▶ **Required action**
Filter these entries down to the lines that hold the word "many", and show each of them.

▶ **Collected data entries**
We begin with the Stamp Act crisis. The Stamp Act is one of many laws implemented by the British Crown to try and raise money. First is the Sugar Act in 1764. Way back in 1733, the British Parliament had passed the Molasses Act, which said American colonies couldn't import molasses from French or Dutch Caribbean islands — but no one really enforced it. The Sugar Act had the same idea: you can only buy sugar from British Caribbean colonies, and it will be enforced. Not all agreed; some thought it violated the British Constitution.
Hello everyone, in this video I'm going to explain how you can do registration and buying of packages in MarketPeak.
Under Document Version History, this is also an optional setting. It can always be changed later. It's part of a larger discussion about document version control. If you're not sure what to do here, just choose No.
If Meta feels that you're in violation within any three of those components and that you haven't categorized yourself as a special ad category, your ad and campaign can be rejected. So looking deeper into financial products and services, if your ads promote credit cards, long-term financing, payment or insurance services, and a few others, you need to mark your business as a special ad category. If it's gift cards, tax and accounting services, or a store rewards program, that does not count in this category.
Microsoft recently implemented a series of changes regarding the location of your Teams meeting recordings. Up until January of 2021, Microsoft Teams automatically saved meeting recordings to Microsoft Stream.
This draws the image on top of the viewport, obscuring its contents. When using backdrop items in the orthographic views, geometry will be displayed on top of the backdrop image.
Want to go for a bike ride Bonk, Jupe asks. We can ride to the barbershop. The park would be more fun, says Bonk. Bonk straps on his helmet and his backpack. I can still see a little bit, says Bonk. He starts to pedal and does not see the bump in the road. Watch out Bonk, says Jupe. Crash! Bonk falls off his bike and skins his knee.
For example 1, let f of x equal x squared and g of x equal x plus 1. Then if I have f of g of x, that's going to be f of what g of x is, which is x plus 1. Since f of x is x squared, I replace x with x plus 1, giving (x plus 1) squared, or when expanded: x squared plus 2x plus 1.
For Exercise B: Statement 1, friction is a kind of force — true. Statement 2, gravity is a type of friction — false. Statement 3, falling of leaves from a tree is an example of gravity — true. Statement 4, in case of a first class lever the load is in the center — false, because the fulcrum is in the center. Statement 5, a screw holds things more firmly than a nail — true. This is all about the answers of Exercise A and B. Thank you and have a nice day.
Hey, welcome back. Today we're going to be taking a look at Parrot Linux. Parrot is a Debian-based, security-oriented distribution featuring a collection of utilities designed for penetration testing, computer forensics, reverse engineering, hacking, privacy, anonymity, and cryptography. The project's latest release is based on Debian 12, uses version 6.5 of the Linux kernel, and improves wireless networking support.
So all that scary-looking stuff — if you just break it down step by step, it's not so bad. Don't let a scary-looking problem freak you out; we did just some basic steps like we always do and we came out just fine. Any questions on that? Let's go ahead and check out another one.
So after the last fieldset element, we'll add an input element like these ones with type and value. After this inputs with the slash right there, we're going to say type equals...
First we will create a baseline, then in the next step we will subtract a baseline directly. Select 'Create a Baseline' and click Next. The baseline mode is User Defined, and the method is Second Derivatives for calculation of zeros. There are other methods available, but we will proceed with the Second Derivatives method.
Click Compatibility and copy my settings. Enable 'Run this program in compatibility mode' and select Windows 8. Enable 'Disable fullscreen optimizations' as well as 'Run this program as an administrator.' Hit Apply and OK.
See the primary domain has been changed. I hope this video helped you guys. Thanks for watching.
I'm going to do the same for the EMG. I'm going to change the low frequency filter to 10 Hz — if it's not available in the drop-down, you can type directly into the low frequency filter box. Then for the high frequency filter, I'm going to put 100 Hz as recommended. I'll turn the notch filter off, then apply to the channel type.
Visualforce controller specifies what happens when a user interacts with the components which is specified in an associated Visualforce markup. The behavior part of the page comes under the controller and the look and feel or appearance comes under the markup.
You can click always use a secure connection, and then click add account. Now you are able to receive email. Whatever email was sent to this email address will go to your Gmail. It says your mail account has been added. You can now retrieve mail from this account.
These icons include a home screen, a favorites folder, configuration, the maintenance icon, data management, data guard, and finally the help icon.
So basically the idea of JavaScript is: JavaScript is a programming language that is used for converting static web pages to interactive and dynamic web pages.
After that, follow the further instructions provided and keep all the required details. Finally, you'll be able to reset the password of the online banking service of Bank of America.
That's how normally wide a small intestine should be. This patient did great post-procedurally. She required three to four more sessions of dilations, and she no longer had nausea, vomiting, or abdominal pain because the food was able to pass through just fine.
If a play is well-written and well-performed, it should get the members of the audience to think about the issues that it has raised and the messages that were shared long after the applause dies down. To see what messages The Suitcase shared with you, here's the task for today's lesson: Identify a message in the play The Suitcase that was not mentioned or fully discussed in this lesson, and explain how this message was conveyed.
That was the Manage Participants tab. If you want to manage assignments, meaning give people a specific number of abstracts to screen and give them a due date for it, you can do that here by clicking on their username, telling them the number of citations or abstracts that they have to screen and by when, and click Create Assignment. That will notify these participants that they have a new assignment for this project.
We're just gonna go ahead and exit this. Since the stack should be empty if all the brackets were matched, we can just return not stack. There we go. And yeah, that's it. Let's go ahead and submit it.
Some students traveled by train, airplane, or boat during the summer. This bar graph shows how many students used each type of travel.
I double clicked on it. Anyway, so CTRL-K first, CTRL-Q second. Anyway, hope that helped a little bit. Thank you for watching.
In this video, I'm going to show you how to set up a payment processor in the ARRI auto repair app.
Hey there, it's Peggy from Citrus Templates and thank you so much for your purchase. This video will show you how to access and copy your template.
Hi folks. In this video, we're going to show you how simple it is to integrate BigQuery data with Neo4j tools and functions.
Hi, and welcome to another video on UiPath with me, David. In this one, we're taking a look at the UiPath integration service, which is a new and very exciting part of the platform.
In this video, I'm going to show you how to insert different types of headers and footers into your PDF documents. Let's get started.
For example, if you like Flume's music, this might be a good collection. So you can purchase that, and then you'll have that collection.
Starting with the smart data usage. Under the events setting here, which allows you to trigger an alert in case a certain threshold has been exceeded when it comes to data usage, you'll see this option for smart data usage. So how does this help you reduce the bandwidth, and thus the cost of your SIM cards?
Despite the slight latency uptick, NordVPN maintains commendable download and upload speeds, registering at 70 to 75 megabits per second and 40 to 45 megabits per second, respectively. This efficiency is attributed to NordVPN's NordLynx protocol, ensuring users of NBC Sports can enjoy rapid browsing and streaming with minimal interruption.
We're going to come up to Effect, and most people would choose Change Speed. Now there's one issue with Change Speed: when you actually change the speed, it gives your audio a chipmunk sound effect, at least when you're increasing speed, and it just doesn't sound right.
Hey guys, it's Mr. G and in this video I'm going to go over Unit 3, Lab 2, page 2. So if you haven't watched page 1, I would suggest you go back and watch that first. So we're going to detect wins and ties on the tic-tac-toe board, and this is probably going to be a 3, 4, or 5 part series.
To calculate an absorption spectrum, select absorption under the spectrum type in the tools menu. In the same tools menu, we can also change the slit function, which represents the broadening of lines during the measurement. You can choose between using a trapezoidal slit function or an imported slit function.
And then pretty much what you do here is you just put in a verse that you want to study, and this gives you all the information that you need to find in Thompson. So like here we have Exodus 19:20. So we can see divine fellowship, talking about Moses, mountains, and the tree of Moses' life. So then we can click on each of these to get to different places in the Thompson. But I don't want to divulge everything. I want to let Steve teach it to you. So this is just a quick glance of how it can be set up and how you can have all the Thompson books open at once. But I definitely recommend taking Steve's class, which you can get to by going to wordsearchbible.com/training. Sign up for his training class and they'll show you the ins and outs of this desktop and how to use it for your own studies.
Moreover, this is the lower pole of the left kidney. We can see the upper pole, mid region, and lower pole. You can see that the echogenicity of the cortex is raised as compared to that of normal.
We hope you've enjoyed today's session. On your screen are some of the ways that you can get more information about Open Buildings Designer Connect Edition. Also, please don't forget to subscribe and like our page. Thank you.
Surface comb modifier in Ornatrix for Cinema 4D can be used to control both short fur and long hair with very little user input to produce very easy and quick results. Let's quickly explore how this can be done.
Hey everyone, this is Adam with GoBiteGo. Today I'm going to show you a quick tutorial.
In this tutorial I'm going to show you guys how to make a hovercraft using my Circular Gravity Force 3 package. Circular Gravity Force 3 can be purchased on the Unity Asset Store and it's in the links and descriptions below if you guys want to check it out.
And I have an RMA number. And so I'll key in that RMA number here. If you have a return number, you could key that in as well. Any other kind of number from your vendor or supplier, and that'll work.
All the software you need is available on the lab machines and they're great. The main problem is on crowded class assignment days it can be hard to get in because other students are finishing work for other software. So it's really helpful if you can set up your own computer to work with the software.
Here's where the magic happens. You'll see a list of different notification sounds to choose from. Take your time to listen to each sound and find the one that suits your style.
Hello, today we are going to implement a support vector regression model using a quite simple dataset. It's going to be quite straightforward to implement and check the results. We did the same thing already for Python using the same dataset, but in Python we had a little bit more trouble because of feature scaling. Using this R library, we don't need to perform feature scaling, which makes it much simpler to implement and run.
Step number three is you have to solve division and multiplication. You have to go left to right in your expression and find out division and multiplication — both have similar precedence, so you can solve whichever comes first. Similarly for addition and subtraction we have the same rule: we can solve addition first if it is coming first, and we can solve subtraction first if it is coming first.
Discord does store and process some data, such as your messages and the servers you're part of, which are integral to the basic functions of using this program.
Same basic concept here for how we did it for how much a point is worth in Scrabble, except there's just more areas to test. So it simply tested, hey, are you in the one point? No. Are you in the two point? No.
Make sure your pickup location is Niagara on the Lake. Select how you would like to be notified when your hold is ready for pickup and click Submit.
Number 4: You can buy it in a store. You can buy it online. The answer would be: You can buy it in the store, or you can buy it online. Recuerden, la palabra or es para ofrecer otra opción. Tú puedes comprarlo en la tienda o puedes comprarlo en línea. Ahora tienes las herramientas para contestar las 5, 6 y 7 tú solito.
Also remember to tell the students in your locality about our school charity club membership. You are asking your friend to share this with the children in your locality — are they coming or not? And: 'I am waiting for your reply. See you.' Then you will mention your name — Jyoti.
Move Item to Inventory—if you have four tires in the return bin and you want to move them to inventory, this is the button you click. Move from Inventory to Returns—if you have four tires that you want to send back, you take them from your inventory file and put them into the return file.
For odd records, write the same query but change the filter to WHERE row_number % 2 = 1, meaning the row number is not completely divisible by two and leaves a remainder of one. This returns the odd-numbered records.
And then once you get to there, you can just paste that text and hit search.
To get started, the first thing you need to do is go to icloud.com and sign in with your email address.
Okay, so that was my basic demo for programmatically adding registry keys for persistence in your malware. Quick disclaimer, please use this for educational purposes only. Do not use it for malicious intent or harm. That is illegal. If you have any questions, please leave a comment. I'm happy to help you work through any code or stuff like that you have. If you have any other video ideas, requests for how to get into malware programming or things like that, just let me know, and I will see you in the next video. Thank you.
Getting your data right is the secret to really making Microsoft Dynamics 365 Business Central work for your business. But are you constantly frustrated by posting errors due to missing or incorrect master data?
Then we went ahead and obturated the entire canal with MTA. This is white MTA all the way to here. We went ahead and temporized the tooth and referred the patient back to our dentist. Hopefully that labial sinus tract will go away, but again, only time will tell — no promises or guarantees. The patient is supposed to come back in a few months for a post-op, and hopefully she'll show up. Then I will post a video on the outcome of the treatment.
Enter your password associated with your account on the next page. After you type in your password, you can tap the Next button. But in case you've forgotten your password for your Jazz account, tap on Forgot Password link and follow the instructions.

▶ **Expected answer**
We begin with the Stamp Act crisis. The Stamp Act is one of many laws implemented by the British Crown to try and raise money. First is the Sugar Act in 1764. Way back in 1733, the British Parliament had passed the Molasses Act, which said American colonies couldn't import molasses from French or Dutch Caribbean islands — but no one really enforced it. The Sugar Act had the same idea: you can only buy sugar from British Caribbean colonies, and it will be enforced. Not all agreed; some thought it violated the British Constitution.
Some students traveled by train, airplane, or boat during the summer. This bar graph shows how many students used each type of travel.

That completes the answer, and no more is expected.